И поэтому после окончательного заката эпохи Просвещения месмеризм, не потеряв популярности, коренным образом меняет свое политическое содержание. Сперва им увлекается, например, один из отцов консерватизма Жозеф де Местр, затем — французские писатели-романтики. С другой стороны, под его влиянием находился и предтеча коммунизма Шарль Фурье. Содержание первоначального месмеризма было столь размыто, что под него, в зависимости от обстоятельств, можно было подогнать что угодно; роль же его заключается в том, что он создал прецедент политической борьбы и таким образом стал проводником для, как выразились бы современные политические теоретики Эрнесто Лаклау и Шанталь Муфф, пустого означающего, то есть площадкой, где различные требования соединяются в едином революционном порыве: «сословное деление должно быть упразднено». Как только этот порыв только наметился, он оказался куда шире борьбы за власть в академии, и уже в 1790-х годах легальный статус месмеризма мало кого волновал. Добавим к этому, что когда он развернулся в полную силу, то и самое общее требование оказалось недостаточным. Потому что действительный предмет общественного конфликта, конечно, заключался не только в правовом статусе гражданина, не только в «означающем», а включал и материальное неравенство, рвущее любые дискурсивные рамки.
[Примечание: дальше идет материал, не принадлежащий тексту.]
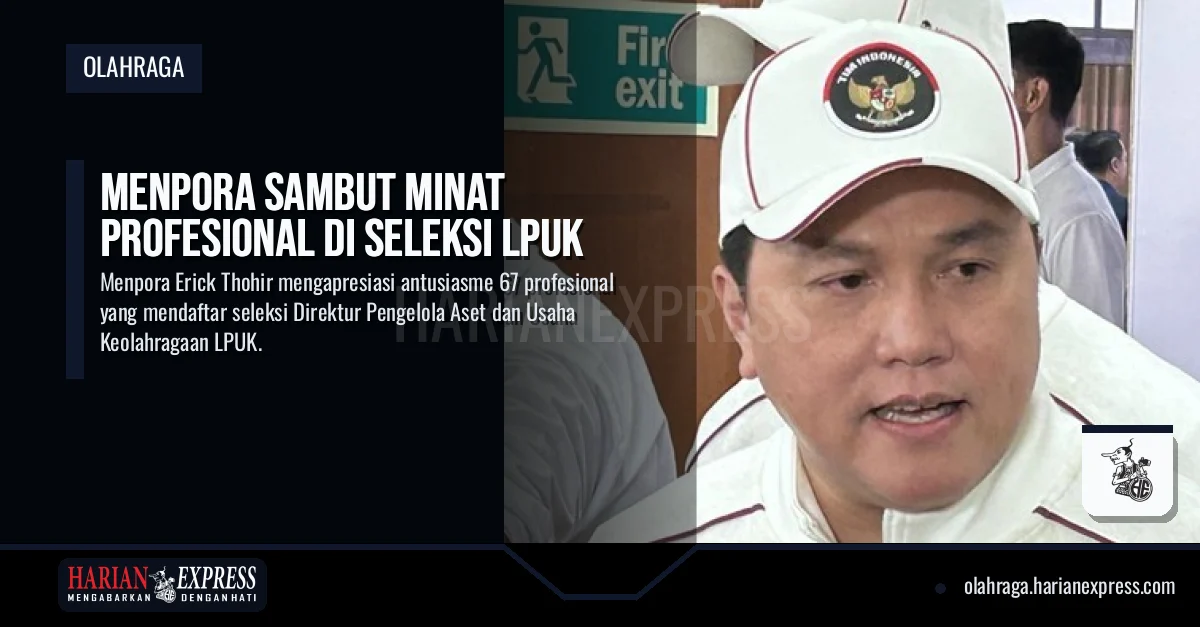 Menpora Sambut Minat Profesional di Seleksi LPUK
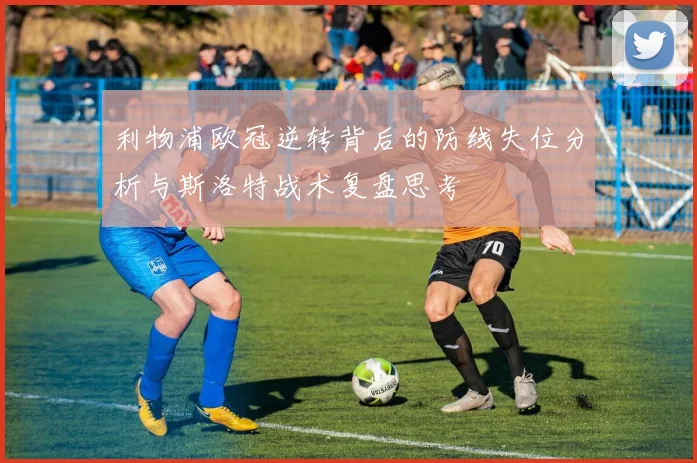 利物浦欧冠逆转背后的防线失位分析与斯洛特战术复盘思考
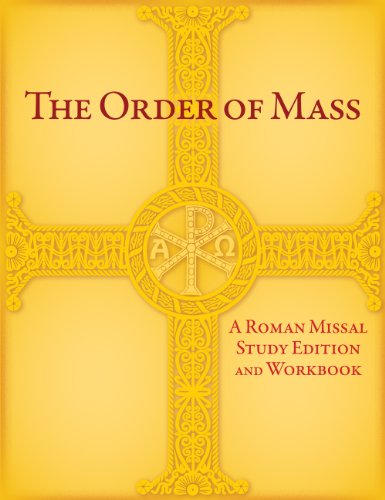 The Order of Mass: A Roman Missal Study Edition and Workbook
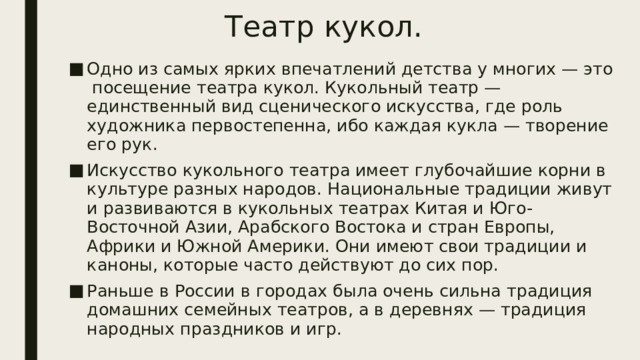 Театр кукол. Одно из самых ярких впечатлений детства у многих — это посещение театра кукол. Кукольный театр — единственный вид сценического искусства, где роль художника первостепенна, ибо каждая кукла — творение его рук. Искусство кукольного театра имеет глубочайшие корни в культуре разных народов. Национальные традиции живут и развиваются в кукольных театрах Китая и Юго-Восточной Азии, Арабского Востока и стран Европы, Африки и Южной Америки. Они имеют свои традиции и каноны, которые часто действуют до сих пор. Раньше в России в городах была очень сильна традиция домашних семейных театров, а в деревнях — традиция народных праздников и игр.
«Месмеристское движение не умерло вместе со Старым режимом, но Революция расколола его, и философы девятнадцатого столетия с готовностью растащили осколки по своим собственным системам. Чистых месмеристов образца 1780 года в XIX веке почти не осталось. <...> Религиозный мистицизм дал этим философам доступ к неисчерпаемым источникам иррационального, поскольку сам он, подобно подземной реке, пронизывал весь восемнадцатый век — от конвульсионеров до месмеристов. Вырвавшись на поверхность после 1789 года, он впитал в себя сведенборгианство, мартинизм, розенкрейцерство, алхимию, физиогномику и множество других спиритуалистских токов; но месмеризм был одним из самых мощных».

Предложенное Дарнтоном объяснение революционных процессов во Франции конца XVIII века, конечно, имеет свои ограничения. У человека, взявшего эту книгу в руки, может создаться впечатление, что автор намеревается выделить конкретные заслуги месмеризма из совокупности факторов, создавших революционную ситуацию или хотя бы оценить его удельный вес. Но фактически Дарнтон лишь показывает на множестве источников, что в целом культура политических памфлетов своим развитием обязана полемике научных журналов, что заметный пласт политических убеждений того времени был дистиллирован из мистических учений вроде месмеризма. Но можно ли сейчас обнаружить запасные, не пригодившиеся пространства для политической полемики или какова была примерная доля симпатизантов эзотерики среди революционеров — это остается загадкой.

В «Месмеризме и конце эпохи Просвещения» почти все внимание уделено тем, кто активно интересовался месмеризмом или критиковал его, а это далеко не всегда фигуры из первых рядов; не ясно, составляли ли те и другие, хотя бы вместе взятые, значительную часть участников революционных событий. Что думали о месмеризме Наполеон или Робеспьер, их сторонники и противники, — об этом Дарнтон умалчивает. Наконец, воспринималась ли сама Революция сколько-нибудь большим числом людей в мистических категориях, когда стало возможным открыто обсуждать, например, Сийеса — этого мы также не узнаем. Затеянные месмеристами дискуссии между журналами и академией, а затем — между парламентом и правительством, определенно предоставили революционерам трибуну. Но подсказали ли они им слова? Едва ли возможно отнести к недостаткам труда Дарнтона то, что он достаточно осторожен в выводах, чтобы не отвечать на эти вопросы.